The algorithm will preserve the element at the end of this process in accordance with the majority vote of the sequence. If there isn't overwhelming support for one option, the algorithm could report the wrong answer. To restate, the correct outcomes can be expected from the Boyer-Moore majority vote technique if the majority element is present in the input.
  • Quickselect Algorithm
An unordered list's kth smallest element can be located with the use of a selection process called Quickselect. Similar to Quicksort, which is another sorting method. Similar to Quicksort, it has strong average-case performance but subpar worst-case performance while still being efficient in the traditional sense. Similar to Quicksort, Quickselect employs a single element to act as a pivot and divides the data into two halves based on whether or not the value of that element is less than or larger than the pivot. However, unlike Quicksort, which recursively searches both sides, Quickselect only searches one side. Since the pivot has reached its final sorted location, everything before it and everything after it are also unsorted. As a result, the complexity goes from O(n.log(n)) to O(n) on average and O(n2) in the worst case, where n is the amount of the input.
  • Heap Sort Algorithm
Heapsort is a sorting algorithm that performs in-place comparisons to sort data into sorted and unsorted regions. It is sometimes considered an enhanced version of selection sorting. By repeatedly taking the largest or smallest member and adding it to the sorted set, the unsorted set is shrunk. Instead of performing a linear-time search for the maximum, the new method employs a heap data structure. Since the implementation of Heapsort does not generate a stable sort, the input order of equal elements is not maintained in the sorted output. When compared to O (n.log n) sorting algorithms like quicksort and merge sort, it is noticeably slower.

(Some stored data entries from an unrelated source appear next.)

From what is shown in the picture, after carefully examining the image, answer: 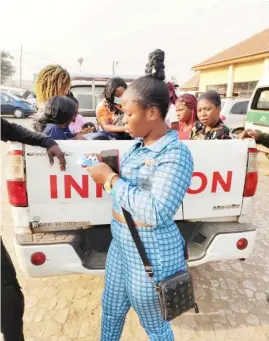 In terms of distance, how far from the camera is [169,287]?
132 centimetres

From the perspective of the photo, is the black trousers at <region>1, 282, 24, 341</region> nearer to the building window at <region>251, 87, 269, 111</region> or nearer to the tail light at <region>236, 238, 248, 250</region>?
the tail light at <region>236, 238, 248, 250</region>

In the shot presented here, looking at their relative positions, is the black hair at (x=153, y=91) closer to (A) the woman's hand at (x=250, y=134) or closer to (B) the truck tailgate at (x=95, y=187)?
(B) the truck tailgate at (x=95, y=187)

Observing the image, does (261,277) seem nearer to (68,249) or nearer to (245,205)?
(245,205)

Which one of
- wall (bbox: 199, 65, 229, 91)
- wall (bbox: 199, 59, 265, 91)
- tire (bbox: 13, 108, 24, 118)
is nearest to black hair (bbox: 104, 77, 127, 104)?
wall (bbox: 199, 59, 265, 91)

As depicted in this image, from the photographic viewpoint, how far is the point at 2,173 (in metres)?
6.14

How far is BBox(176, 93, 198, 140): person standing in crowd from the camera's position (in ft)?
9.82

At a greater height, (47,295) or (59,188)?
(59,188)

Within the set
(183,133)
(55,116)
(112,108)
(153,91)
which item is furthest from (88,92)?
(153,91)

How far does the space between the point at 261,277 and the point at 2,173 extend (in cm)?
525

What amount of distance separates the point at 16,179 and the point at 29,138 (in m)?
0.31

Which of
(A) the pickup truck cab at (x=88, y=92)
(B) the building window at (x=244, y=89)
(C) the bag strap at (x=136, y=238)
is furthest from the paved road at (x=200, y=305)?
(B) the building window at (x=244, y=89)

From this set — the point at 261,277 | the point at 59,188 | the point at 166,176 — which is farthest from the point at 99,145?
the point at 261,277

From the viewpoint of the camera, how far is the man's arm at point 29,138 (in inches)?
63.1

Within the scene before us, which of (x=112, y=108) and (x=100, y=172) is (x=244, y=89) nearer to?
(x=112, y=108) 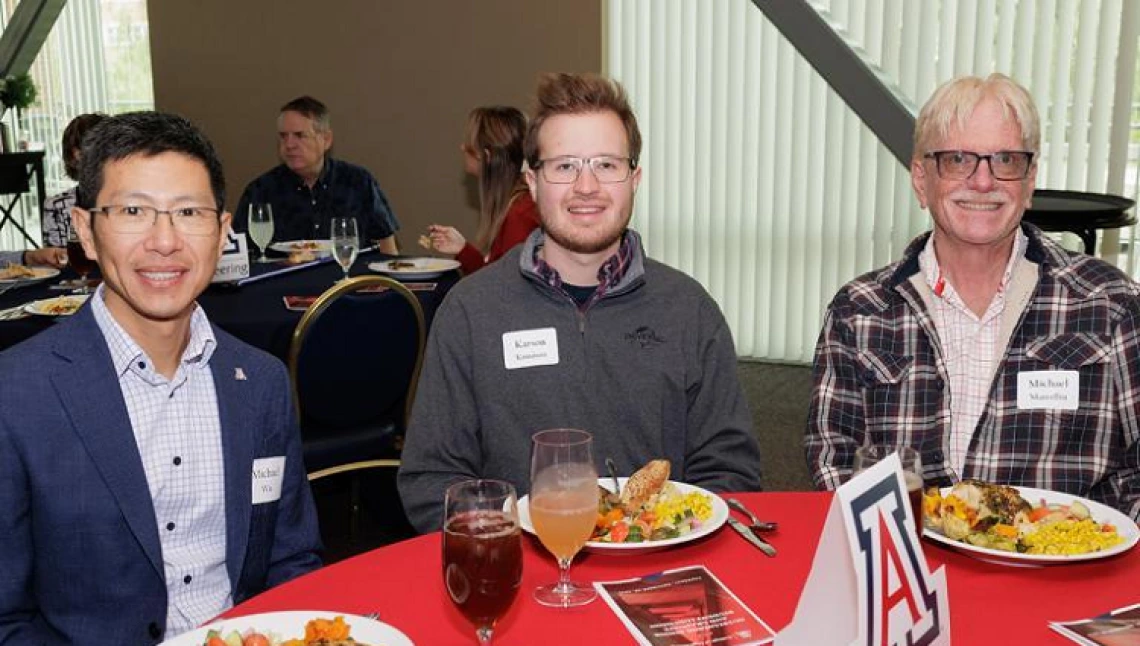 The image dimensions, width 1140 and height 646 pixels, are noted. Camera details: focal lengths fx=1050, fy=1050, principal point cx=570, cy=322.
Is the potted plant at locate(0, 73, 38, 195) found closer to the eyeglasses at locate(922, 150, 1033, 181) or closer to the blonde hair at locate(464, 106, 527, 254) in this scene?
the blonde hair at locate(464, 106, 527, 254)

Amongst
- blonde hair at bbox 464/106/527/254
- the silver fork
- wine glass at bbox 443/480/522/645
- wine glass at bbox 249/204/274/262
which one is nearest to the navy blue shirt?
wine glass at bbox 249/204/274/262

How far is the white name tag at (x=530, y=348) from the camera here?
6.57ft

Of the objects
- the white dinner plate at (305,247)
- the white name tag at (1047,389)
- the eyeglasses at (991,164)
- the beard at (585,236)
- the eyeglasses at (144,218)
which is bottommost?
the white name tag at (1047,389)

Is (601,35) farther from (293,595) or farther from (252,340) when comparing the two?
(293,595)

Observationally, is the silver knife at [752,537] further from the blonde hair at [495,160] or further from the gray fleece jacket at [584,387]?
the blonde hair at [495,160]

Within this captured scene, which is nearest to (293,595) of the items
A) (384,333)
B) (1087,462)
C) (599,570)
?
(599,570)

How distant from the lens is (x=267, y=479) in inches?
66.9

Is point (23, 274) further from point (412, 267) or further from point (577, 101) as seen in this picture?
point (577, 101)

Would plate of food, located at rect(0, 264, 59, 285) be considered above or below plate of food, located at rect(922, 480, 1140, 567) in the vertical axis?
above

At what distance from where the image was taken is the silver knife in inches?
55.7

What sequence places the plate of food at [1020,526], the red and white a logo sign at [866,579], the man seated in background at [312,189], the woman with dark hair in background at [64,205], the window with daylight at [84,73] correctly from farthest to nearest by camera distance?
the window with daylight at [84,73], the man seated in background at [312,189], the woman with dark hair in background at [64,205], the plate of food at [1020,526], the red and white a logo sign at [866,579]

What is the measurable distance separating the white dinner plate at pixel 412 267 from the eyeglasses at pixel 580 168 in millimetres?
1789

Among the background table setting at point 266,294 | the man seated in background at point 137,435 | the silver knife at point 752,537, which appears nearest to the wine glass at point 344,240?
the background table setting at point 266,294

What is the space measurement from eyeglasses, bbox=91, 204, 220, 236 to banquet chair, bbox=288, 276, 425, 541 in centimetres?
132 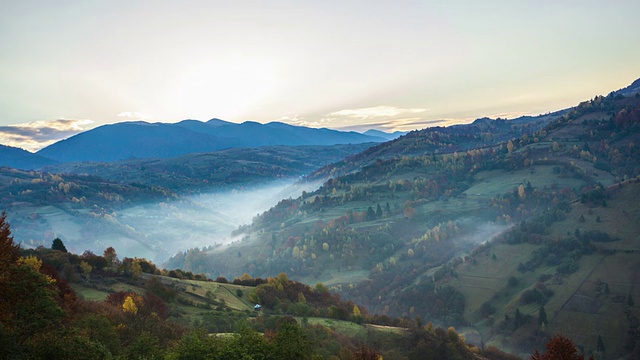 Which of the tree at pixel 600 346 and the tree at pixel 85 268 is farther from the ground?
the tree at pixel 85 268

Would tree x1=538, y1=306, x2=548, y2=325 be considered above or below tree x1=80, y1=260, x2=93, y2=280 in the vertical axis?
below

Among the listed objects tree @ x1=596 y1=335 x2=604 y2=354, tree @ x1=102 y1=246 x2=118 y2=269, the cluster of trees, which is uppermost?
the cluster of trees

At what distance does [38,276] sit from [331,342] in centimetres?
5718

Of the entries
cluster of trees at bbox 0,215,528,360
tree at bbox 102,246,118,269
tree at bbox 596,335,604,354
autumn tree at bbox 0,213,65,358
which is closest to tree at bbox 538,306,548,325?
tree at bbox 596,335,604,354

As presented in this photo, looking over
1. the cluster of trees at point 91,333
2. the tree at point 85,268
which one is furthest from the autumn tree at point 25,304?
the tree at point 85,268

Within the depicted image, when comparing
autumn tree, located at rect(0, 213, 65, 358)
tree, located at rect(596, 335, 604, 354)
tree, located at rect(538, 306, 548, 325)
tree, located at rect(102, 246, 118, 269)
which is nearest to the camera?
autumn tree, located at rect(0, 213, 65, 358)

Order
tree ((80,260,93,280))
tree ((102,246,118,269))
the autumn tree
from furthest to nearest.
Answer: tree ((102,246,118,269)) < tree ((80,260,93,280)) < the autumn tree

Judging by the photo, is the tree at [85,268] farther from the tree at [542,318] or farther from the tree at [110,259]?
the tree at [542,318]

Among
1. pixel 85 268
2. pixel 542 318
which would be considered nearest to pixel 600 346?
pixel 542 318

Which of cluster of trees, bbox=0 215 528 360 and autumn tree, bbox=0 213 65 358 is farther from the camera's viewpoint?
autumn tree, bbox=0 213 65 358

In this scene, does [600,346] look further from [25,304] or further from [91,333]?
[25,304]

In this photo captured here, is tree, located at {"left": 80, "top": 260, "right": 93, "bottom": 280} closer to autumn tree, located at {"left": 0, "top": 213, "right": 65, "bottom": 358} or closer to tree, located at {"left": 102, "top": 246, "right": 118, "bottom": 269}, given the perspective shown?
tree, located at {"left": 102, "top": 246, "right": 118, "bottom": 269}

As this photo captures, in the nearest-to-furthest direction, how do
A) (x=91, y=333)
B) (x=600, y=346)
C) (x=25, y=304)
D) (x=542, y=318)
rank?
(x=25, y=304) < (x=91, y=333) < (x=600, y=346) < (x=542, y=318)

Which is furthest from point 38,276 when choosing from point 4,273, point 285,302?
point 285,302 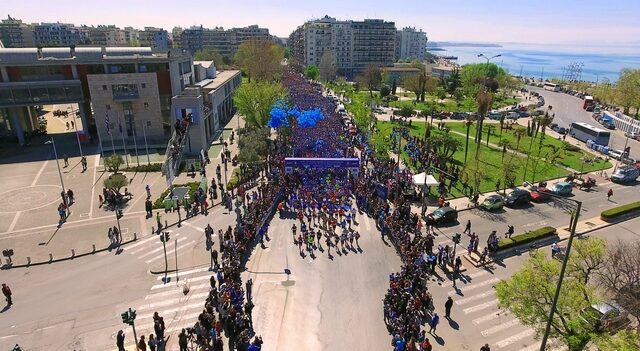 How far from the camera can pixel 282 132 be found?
2114 inches

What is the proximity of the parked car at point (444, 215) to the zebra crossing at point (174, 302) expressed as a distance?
1740 centimetres

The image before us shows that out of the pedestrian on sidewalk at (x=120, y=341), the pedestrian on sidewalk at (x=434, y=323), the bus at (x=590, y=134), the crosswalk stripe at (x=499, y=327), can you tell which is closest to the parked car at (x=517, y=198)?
the crosswalk stripe at (x=499, y=327)

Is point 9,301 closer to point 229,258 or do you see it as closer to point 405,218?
point 229,258

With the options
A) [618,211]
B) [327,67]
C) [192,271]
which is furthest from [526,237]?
[327,67]

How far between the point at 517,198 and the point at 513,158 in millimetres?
7880

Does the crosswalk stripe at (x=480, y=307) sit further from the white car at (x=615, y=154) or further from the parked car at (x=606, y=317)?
the white car at (x=615, y=154)

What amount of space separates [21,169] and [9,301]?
27.8 meters

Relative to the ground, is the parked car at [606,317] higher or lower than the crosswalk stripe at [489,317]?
higher

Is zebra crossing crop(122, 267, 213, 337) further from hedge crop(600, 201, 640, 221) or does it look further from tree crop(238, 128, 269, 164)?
hedge crop(600, 201, 640, 221)

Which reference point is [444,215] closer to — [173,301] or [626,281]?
[626,281]

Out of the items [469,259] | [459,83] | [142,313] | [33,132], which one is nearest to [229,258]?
[142,313]

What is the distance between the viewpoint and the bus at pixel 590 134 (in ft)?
185

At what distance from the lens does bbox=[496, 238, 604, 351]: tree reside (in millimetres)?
15672

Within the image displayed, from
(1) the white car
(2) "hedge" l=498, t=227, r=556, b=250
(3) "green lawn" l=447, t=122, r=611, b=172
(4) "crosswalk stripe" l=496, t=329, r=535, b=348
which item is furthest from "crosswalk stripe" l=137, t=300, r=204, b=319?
(1) the white car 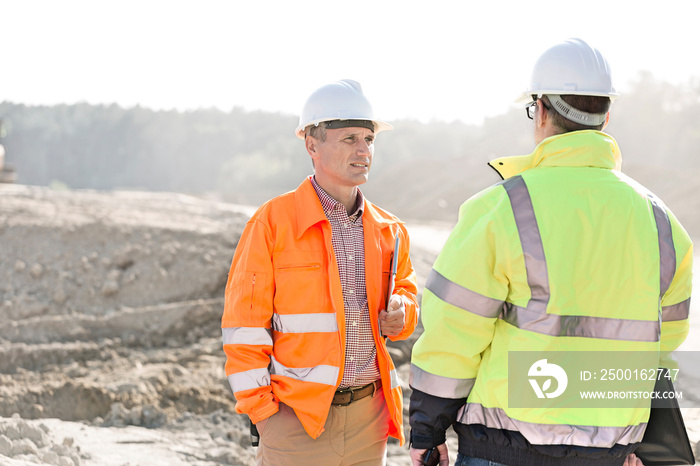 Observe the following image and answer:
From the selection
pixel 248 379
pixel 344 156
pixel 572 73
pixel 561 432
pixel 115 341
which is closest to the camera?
pixel 561 432

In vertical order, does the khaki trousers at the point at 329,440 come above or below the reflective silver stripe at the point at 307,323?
→ below

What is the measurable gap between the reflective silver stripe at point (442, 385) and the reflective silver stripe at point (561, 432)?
8cm

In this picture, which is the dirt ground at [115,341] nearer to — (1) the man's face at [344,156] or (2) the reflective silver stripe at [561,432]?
(1) the man's face at [344,156]

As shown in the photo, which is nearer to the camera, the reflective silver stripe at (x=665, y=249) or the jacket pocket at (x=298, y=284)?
the reflective silver stripe at (x=665, y=249)

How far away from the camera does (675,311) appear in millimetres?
2059

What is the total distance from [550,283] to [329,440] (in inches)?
45.5

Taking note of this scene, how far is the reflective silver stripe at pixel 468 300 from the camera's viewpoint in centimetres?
189

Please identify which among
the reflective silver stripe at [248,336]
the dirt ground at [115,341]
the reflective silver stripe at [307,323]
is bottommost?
the dirt ground at [115,341]

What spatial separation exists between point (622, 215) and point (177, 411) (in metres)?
4.84

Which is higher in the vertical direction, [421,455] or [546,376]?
[546,376]

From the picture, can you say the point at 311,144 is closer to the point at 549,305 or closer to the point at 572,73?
the point at 572,73

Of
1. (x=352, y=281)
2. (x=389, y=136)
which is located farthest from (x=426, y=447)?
(x=389, y=136)

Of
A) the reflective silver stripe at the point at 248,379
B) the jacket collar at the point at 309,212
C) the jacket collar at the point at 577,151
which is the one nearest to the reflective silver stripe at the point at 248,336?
the reflective silver stripe at the point at 248,379


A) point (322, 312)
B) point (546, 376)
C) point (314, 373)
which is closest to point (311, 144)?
point (322, 312) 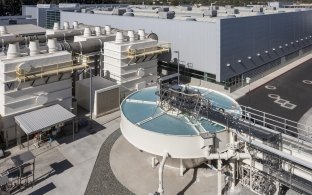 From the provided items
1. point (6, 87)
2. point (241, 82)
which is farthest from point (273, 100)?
point (6, 87)

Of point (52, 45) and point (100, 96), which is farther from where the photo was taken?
point (100, 96)

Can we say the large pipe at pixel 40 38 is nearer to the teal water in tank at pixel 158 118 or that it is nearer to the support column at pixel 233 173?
the teal water in tank at pixel 158 118

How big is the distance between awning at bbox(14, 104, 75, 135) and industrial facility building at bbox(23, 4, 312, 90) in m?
21.2

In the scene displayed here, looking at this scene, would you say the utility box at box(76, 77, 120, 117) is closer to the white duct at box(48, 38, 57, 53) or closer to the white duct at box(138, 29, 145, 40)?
the white duct at box(48, 38, 57, 53)

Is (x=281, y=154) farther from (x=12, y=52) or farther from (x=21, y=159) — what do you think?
(x=12, y=52)

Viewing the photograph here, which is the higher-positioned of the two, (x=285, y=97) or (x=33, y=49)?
(x=33, y=49)

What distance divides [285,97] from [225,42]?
37.3 feet

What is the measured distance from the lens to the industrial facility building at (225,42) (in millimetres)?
40000

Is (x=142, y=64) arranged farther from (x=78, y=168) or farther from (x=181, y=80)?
(x=78, y=168)

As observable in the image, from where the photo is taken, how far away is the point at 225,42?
1567 inches

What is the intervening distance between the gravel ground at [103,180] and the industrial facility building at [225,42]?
21030mm

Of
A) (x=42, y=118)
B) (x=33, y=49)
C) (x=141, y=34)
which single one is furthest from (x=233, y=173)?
(x=141, y=34)

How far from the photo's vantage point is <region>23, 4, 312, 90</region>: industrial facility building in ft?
131

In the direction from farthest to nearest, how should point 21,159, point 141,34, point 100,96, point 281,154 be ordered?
point 141,34 < point 100,96 < point 21,159 < point 281,154
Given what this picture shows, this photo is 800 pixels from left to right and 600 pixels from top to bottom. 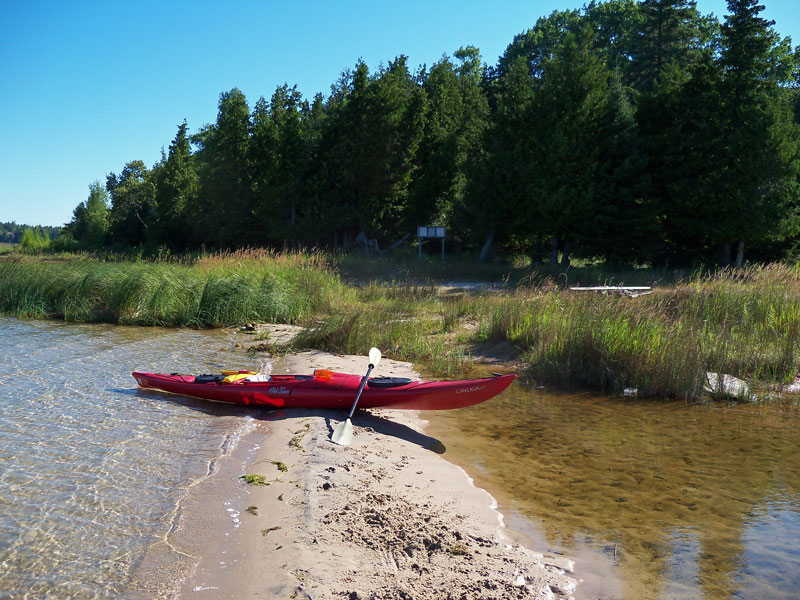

  • Counting Sort Algorithm
If you need to sort an array whose keys are all integers and fall within a certain range, you can use the counting sort technique. It determines where each key value should be placed in the output by first counting how many items have that particular key value.
Counting sort is an effective way to determine the most used letter in a file or to sort an array with a restricted range. Counting sort needs to be reliable because it is frequently used as a subroutine in the radix sorting algorithm.
The program iteratively processes the data, generating a histogram that shows how frequently each key appears in the input set. The output array's index, into which items with a given key begin, is then computed using a prefix sum operation. The last step is a second loop of the data, this time inserting the items into the output array in the order they were sorted.


In order to solve a real-world problem, you need to break it down into manageable chunks, and in order to do that, you need to have a firm grasp on the theory behind the problem. However, as we all know, theory is incomplete without practice, and algorithms have both theoretical and practical importance. Selecting the proper data format is essential, but so is having a solid understanding of common methods. Here are some well-known algorithms that any aspiring computer programmer and IT major should be familiar with.